Generally, the net fair market value of assets transferred for the performance of services is taxable under IRC section 83(a) when the service providers rights are transferable or not subject to substantial risk of forfeiture. Treasury Regulations section 1.83-7(a) expands upon IRC section 83(c)(3) to prevent taxation under section 83(a) when the service provider could be under suit per SEA section 16(b) for selling stock for a profit. In fact, IRC section 83(c)(3) reaches this result by defining the service providers rights as (A) subject to a substantial risk of forfeiture, and (B) not transferable. In understanding that the SEA section 16(b) six-month period commences at the time an option is granted, the Tax Court held that if an option grant does not cause income recognition, then income is recognized when the option is exercised, rather than when the restriction no longer applies.
The SEA section 16(b) short-swing profit rule requires a corporate insider who sells any equity security within six months of issuance to disgorge any profit to the issuing corporation. SEC amendments adopted in 1991 recognized that holding options is functionally equivalent to holding the underlying equity securities for section 16(b) purposes.
Paul Tanner argued that his exercise of the stock option was exempt under IRC section 83(c)(3) since it would have generated a lawsuit under SEA section 16(b), and he argued that the stock received after his exercise of the stock option was nontransferable and subject to a substantial risk of forfeiture because of a two-year lockup agreement. The IRS responded that the section 16(b) period began upon the grant of the stock option and that the statutory six-month period cannot be extended voluntarily by individuals or corporations (e.g., through a lockup agreement). After an exhaustive, integrated analysis of the IRC and SEC rules and related regulations, the Tax Court found for the IRS.

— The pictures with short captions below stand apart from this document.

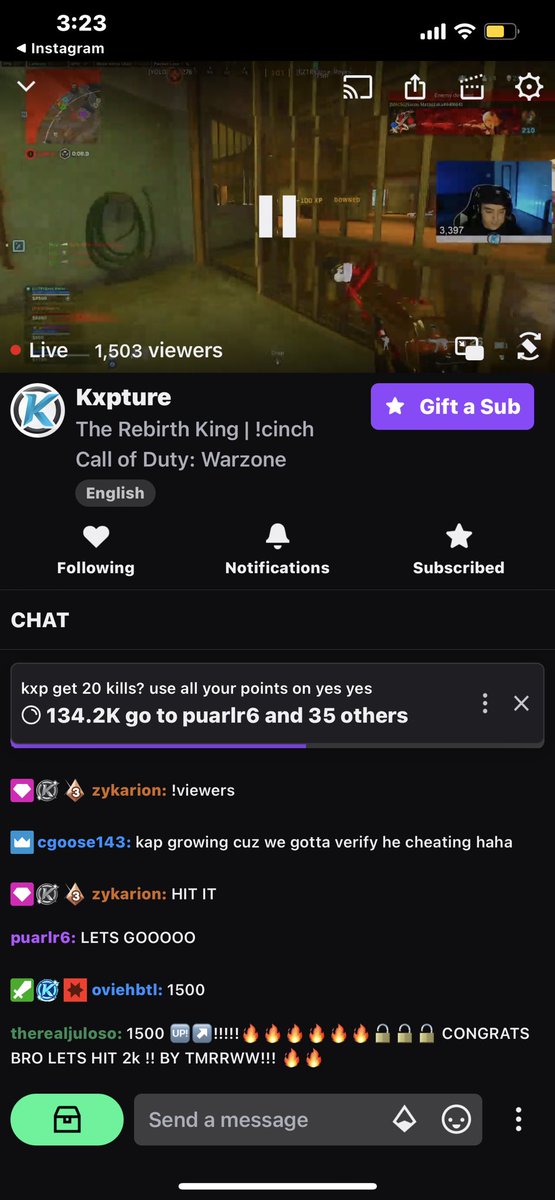 RMorris_77's tweet photo. @Kxpture22 1500 MA BOYYYYY- Driip2Hxrd- https://t.co/z542wKBJ9T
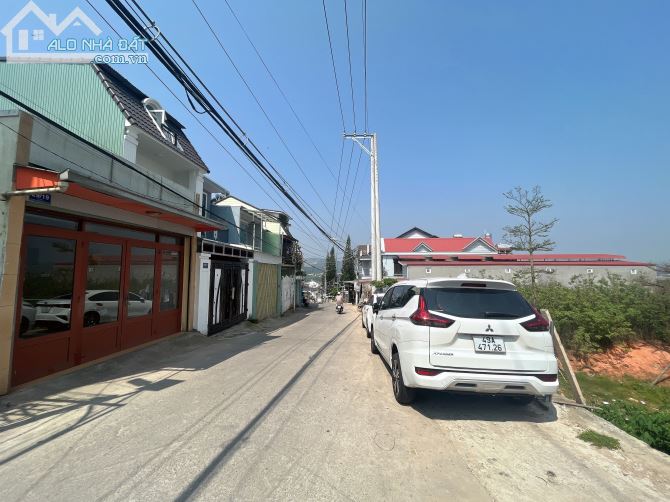 418M2 MẶT TIỀN ĐƯỜNG 6M KIM ĐỒNG P6 ĐÀ LẠT VIEW ĐẸP CÁCH CHỢ NGÔ QUYỀN 300M
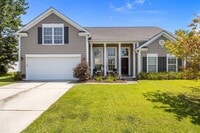 Building Photo - Beautiful 4-Bedroom Home in Desirable Tanner Plantation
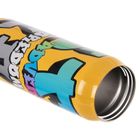 Orion, kubek termiczny, puszka, 500 ml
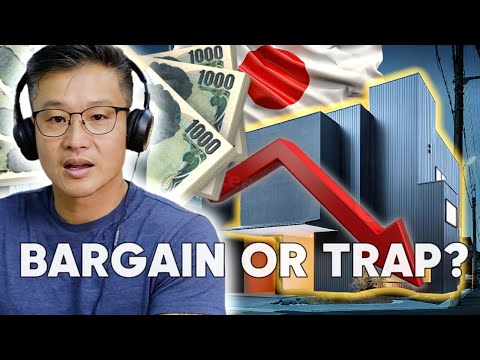 Japan Properties: Hidden Goldmine or Value Trap? Key Insights You Can’t Miss!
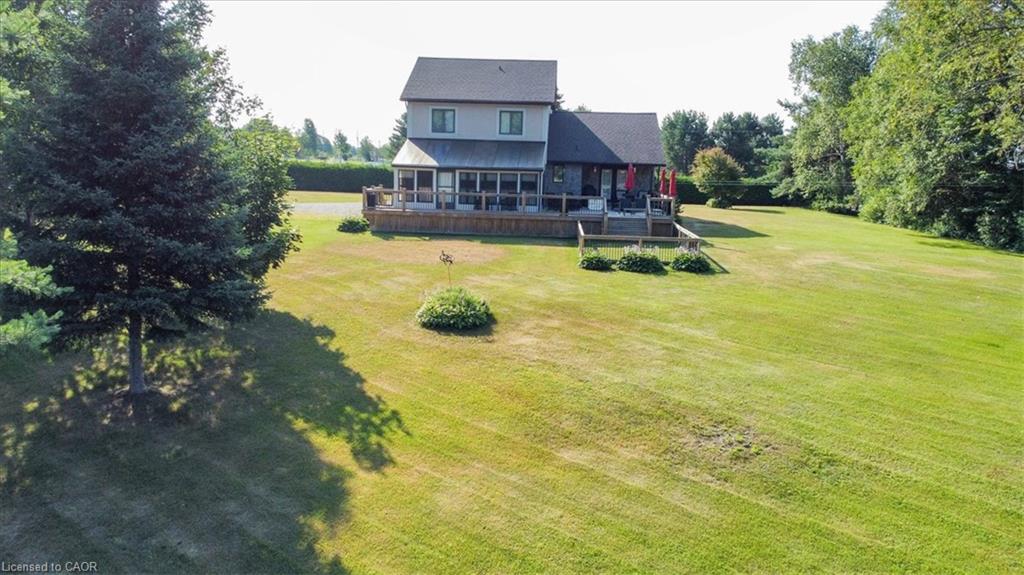 411 Champagne Road Property Photo 44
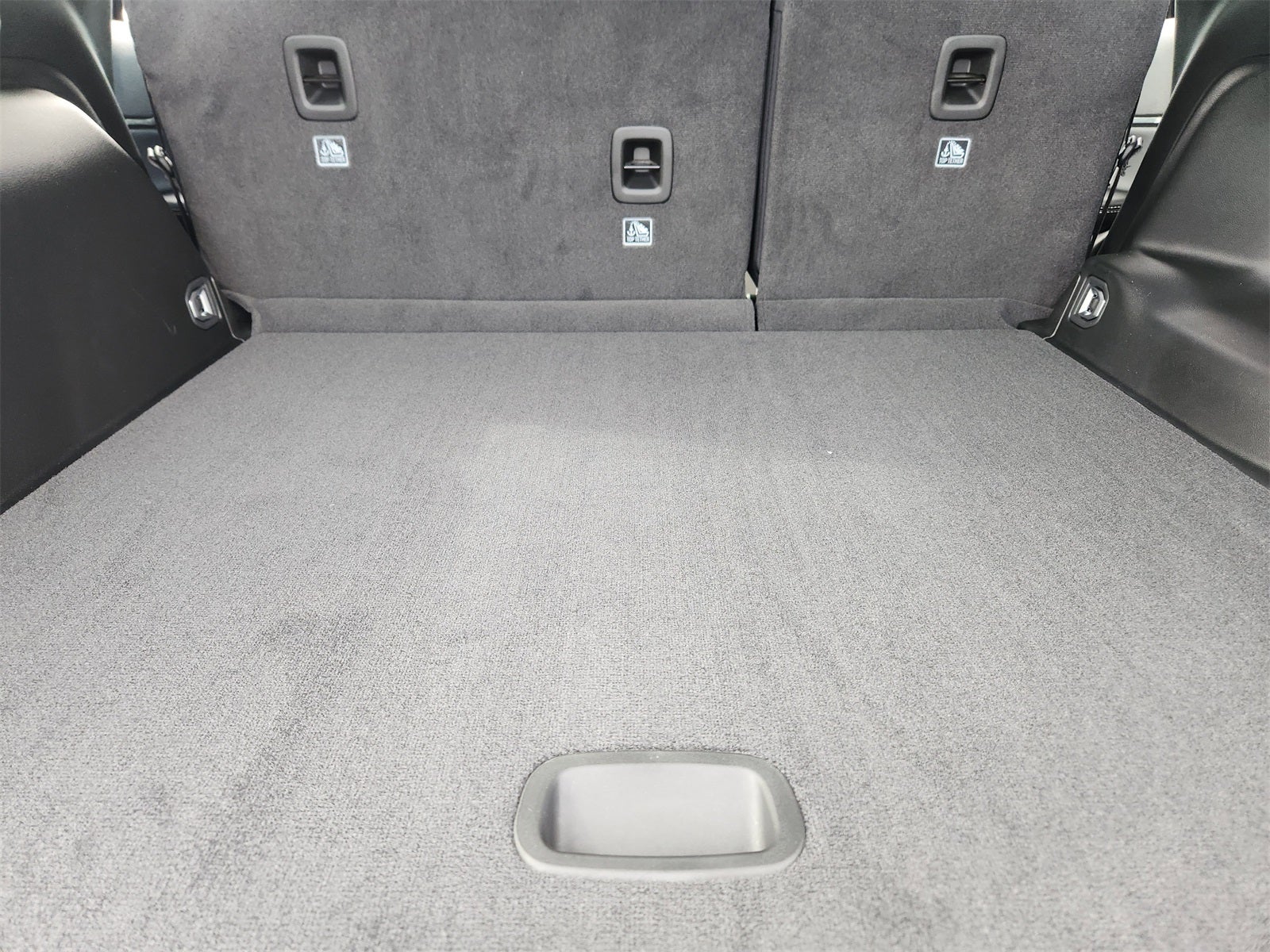 2025 Jeep Grand Cherokee GRAND CHEROKEE LAREDO X 4X2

As for the future applicability of Tanner, it is important to note that, in 1996, an SEC regulation was promulgated that exempted a discretionary transaction from SEA section 16(b). That is to say, in a compensatory transaction where the option grant meets the definition of a discretionary transaction (which is beyond the scope of this article) and where the stock received upon option exercise is not transferable or subject to substantial risk of forfeiture, income recognition will be properly deferred until the restriction (e.g., from a lockup agreement) ceases to apply. Since Tanners transaction occurred in 1994 (prior to this rule change), the Tax Court properly declined to address this issue in its opinion.
Sheldon M. Geller, Esq.
Geller & Wind, Ltd.
Mitchell J. Smilowtiz
GBS Retirement Services Inc.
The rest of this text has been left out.